When we pick technologies (languages, compilers, CPUs, computers, routing platforms, databases etc), we need ones that are able to deal with the size or scale of our problem. Now, what is this scale? And does it matter?
If you picked it wrong, you will find out. If you pick an operating system, open a million files, and find that the kernel bogs down because it has lots of linear searches over open file descriptors, you know the designers of the operating system weren't thinking of your use case. And perhaps in this specific example, you could work around the issue (you don't actually _need_ a million open files at once), but you'll be guaranteed to run into other linear walks. They just weren't thinking at your scale.

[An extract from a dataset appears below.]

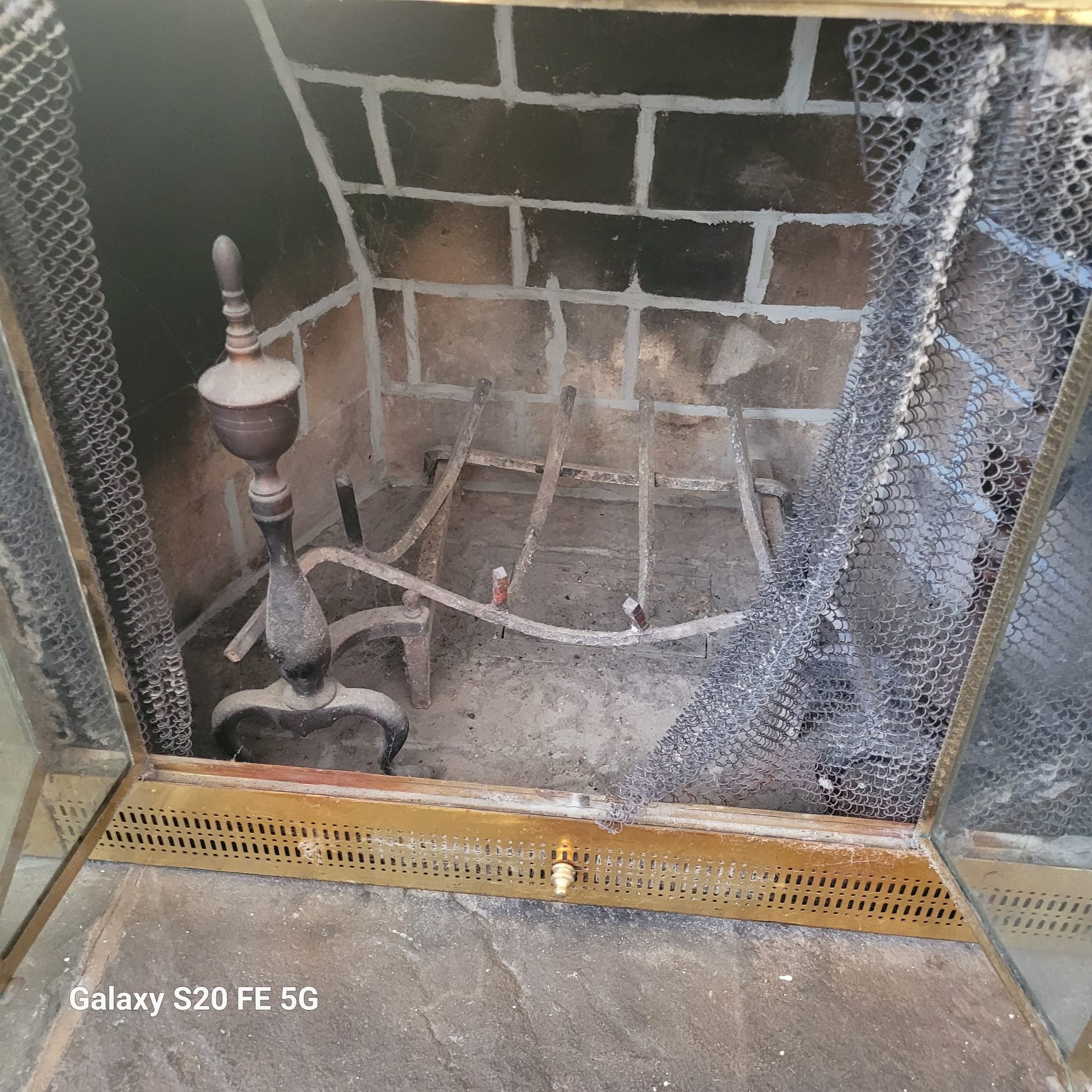 Enhance the comfort and safety of your home with Service Professionals, expertly maintaining every corner of your living space.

So what determines the 'natural scale' for which a technology is suited? Mostly, this turns out to be in all the individual parts that break when scaling to larger volumes, larger data rates, larger change rates etc. And to scale up a technology, you need to address all these individual squeaking parts, of which there might be many.
If you settled on something that scales to 'X', and then your use grows to '10X', you might find yourself being held back by a myriad small things that slow you down. And this will not change quickly - you picked your infrastructure as, well, infrastructure. It is there. It is a given. It will change, but only on multi-year timescales. So it matters, since now you'll be toast for years to come. Pick correctly!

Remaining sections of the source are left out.